Wyrok powyższy Sąd oparł na ustaleniu, że powód M. K., działając w ramach prowadzonej działalności gospodarczej - (...) w zakresie spedycji, zamieścił na giełdzie internetowej ofertę zlecenia transportowego nr (...), którą dnia 10 sierpnia 2012 roku przyjęła pozwana (...) spółka jawna w J. L., odsyłając je opatrzone podpisem oraz pieczęcią o godz. 12.59 za pośrednictwem faksu. Na podstawie tej umowy pozwana zobowiązała się do przewiezienia na trasie M. - F. (miejsce załadunku) - W. (miejsce rozładunku) towaru na paletach, za wynagrodzeniem 1600 euro + VAT. Załadunek miał się odbyć dnia 13 sierpnia 2012 roku, a rozładunek 16 sierpnia 2012 roku.

Z uwagi na brak możliwości realizacji przyjętego zlecenia pozwana w tym samym dniu, godzinę po przyjęciu zlecenia telefonicznie, następnie za pośrednictwem faksu o godzinie 14.16, odstąpiła od wykonania zlecenia, poprzez ponowne przesłanie zlecenia transportowego z adnotacją o niemożności jego realizacji.

Tego samego dnia wieczorem za pośrednictwem poczty elektronicznej, powód zwrócił się do pozwanej pismem, wskazując, że oczekuje podstawienia się do załadunku zgodnie z przyjętym zleceniem.
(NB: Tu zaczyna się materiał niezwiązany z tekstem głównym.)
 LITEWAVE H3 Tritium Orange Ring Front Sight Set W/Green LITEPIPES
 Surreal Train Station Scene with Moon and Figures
W odpowiedzi pozwana ponownie poinformowała powoda, że z racji opóźnień związanych z innym transportem istniało realne zagrożenie niedotrzymania terminu załadunku i rozładunku, z uwagi na ograniczenie w ruchu związane z dniem wolnym dnia 15 sierpnia, wobec czego zmuszona była do rezygnacji ze zlecenia. Pozwany dostarczył towar zgodnie ze zleceniem innej spółki dnia 14 sierpnia 2012 roku, a więc z jednodniowym opóźnieniem, co ostatecznie potwierdziło obawę o możliwości niedochowania terminu.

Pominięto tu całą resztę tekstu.